The year 2018 was a big one for political nonfiction — including exposés from prominent journalists and tell-alls from former administration officials.
Many topped The New York Times’ nonfiction bestseller list.
It was an unusual year, partly because so many people leaving the White House early in the Trump administration already have written books. But the tone of these books also contributes: While there have been related books written during other presidencies, they generally focus on the lead-up to the White House — not the current state inside.
Wolff’s Fire And Fury set the tone early in the year for a slew of former staffer tell-alls, such as Unhinged.
Meanwhile, James Comey’s A Higher Loyalty made some shocking, early comparisons with the mafia families he had prosecuted previously in his career. Comey hoped his book would change people’s minds about what President Trump was up to — but his book was politicized from the start. It became ammunition for all sides.

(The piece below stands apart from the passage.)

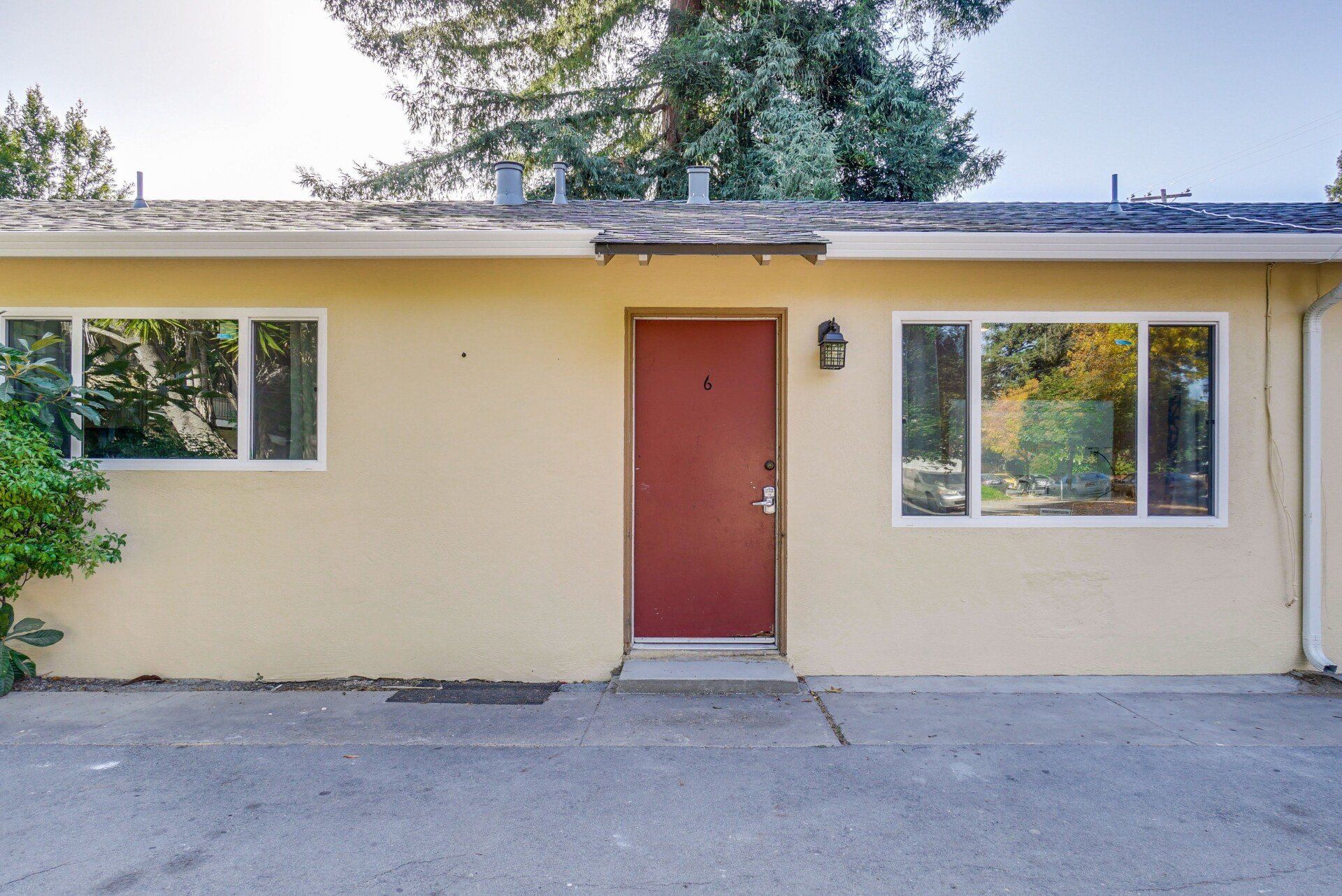 261 Oak st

There were a string of books on authoritarianism this year, too. Former Secretary of State Madeleine Albright published Fascism: A Warning, which focuses its sights on Eastern Europe, North Korea, Turkey and Russia. And How Democracies Die by Harvard professors Steven Levitsky and Daniel Ziblatt suggests America’s democracy also is in danger.
The year 2019 promises to bring more excitement in the political nonfiction world, with tell-alls by former Trump staffer Cliff Sims, former FBI Deputy Director Andrew McCabe and former New Jersey Gov. Chris Christie — as well as a memoir by Sen. Kamala Harris, D-Calif. — all on track to enter a crowded field of nonfiction before spring.